[Data excerpts]
---*---

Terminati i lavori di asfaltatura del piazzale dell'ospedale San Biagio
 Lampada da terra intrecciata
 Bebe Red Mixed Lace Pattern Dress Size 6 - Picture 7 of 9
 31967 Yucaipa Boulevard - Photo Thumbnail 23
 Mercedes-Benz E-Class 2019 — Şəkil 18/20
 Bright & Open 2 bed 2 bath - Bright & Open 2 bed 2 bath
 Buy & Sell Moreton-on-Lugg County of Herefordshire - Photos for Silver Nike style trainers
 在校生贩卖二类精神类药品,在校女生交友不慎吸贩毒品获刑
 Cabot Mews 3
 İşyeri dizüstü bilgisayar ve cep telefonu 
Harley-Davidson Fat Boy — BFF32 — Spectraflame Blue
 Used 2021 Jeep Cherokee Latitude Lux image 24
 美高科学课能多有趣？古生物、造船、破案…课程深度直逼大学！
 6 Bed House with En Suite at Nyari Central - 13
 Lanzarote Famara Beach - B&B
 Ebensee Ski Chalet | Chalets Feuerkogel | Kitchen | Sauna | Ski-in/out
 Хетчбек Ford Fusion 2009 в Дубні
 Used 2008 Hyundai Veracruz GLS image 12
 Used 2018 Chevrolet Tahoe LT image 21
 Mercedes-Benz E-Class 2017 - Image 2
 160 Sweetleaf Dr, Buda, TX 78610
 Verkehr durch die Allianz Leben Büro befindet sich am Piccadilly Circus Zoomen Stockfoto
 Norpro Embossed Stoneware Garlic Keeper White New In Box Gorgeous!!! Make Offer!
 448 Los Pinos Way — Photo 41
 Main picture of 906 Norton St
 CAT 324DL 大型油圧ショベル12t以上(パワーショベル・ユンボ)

---*---

→ TASK GOAL
Pull out each record as written and restate it exactly.

→ TASK RESULT
Terminati i lavori di asfaltatura del piazzale dell'ospedale San Biagio
 Lampada da terra intrecciata
 Bebe Red Mixed Lace Pattern Dress Size 6 - Picture 7 of 9
 31967 Yucaipa Boulevard - Photo Thumbnail 23
 Mercedes-Benz E-Class 2019 — Şəkil 18/20
 Bright & Open 2 bed 2 bath - Bright & Open 2 bed 2 bath
 Buy & Sell Moreton-on-Lugg County of Herefordshire - Photos for Silver Nike style trainers
 在校生贩卖二类精神类药品,在校女生交友不慎吸贩毒品获刑
 Cabot Mews 3
 İşyeri dizüstü bilgisayar ve cep telefonu 
Harley-Davidson Fat Boy — BFF32 — Spectraflame Blue
 Used 2021 Jeep Cherokee Latitude Lux image 24
 美高科学课能多有趣？古生物、造船、破案…课程深度直逼大学！
 6 Bed House with En Suite at Nyari Central - 13
 Lanzarote Famara Beach - B&B
 Ebensee Ski Chalet | Chalets Feuerkogel | Kitchen | Sauna | Ski-in/out
 Хетчбек Ford Fusion 2009 в Дубні
 Used 2008 Hyundai Veracruz GLS image 12
 Used 2018 Chevrolet Tahoe LT image 21
 Mercedes-Benz E-Class 2017 - Image 2
 160 Sweetleaf Dr, Buda, TX 78610
 Verkehr durch die Allianz Leben Büro befindet sich am Piccadilly Circus Zoomen Stockfoto
 Norpro Embossed Stoneware Garlic Keeper White New In Box Gorgeous!!! Make Offer!
 448 Los Pinos Way — Photo 41
 Main picture of 906 Norton St
 CAT 324DL 大型油圧ショベル12t以上(パワーショベル・ユンボ)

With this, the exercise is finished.